MFs raise ₹7,472 crore through passive fund NFOs in just 3 months

Suresh P. Iyengar Updated - October 12, 2024 at 07:24 PM.

In last 9 months, 87 passive schemes were launched against 51 in the whole of last year

Mutual fund houses are rushing to load their armoury with passive funds before the pure play passive fund focused Jio Financial-Blackrock combine launch its business soon.

In last nine months, 87 passive schemes were launched against 51 in the whole of last year.

Mop-up through passive funds have more than doubled to ₹7,472 crore in September quarter against ₹3,415 crore in the previous two quarters (March and June) put together, according to AMFI data.

The number of issuance was also substantially higher at 39 in September quarter against 18 NFOs in June quarter and 30 in March quarter.

Capital market regulator SEBI gave in-principal approval to the new player launch mutual fund business subject to fulfilment of certain conditions and also notified MF Lite regulations.

Smart Beta strategy

After promising to deliver alpha in actively managed funds, MFs are wooing investors with innovative smart beta passive funds instead of index tracking plain vanilla funds.

Passive funds launched by large fund houses such as HDFC MF, Nippon MF, Birla MF and Tata MF have become an instant hit with investors. The fund houses either pick up top 10 or 30 stocks of a popular index to deliver smart beta.

Tata MF has launched one of its kind Tata Nifty Capital Markets Index Funds. The newly introduced Nifty Capital Market index will consist of 20 companies from Nifty 500 index.

Nippon Life India Asset Management recently launched Nifty 500 Equal Weight Index Fund and Nifty 500 Momentum 50 Index Fund. Tata MF launched a passive tourism fund, while DSP MF came out with a fund that invests only in top-10 companies of Nifty index.

High risk, low cost

Investing in concentrated index funds will carry higher risk though it can deliver better return in a bull market.

Anand Vardarajan, Chief Business Officer, Tata Asset Management said the country is witnessing a shift particularly among new generation who are not going to yesteryear savings vehicles but considering financial markets for investment.

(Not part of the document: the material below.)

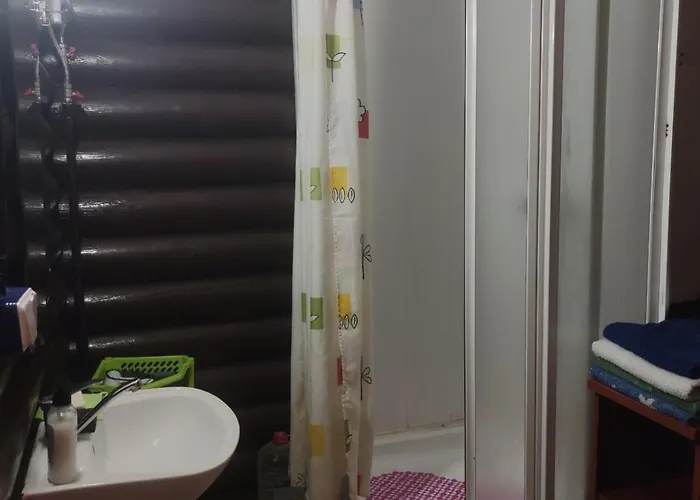 Apartment сдам дом сруб посуточно у моря в совиньоне с верандой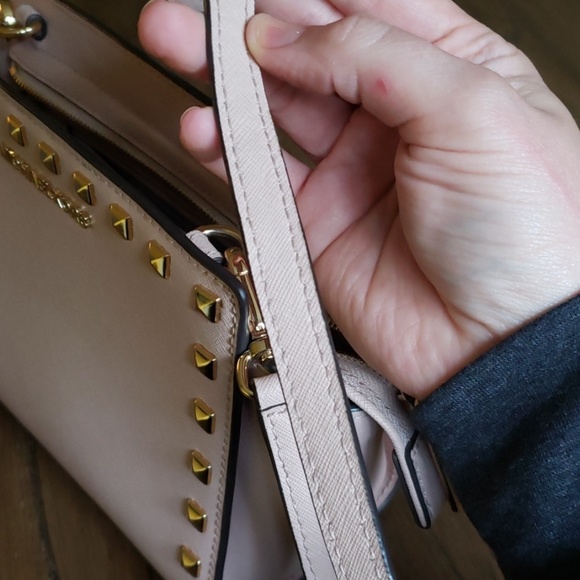 Michael Kors purse - Picture 8 of 8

Investors should not be perturbed by the recent fall in market when they are investing for next five years as it is very natural for markets to move up or come down a bit, he added.

Anil Ghelani, CFA, Head of Passive Investments, DSP MF said, investor interest is steadily increasing and financial advisors are also finding it useful to include passive funds in their recommendations.

“Passive fund carries the risk of the underlying index it aims to track and the risks associated with broader equity markets,” he said.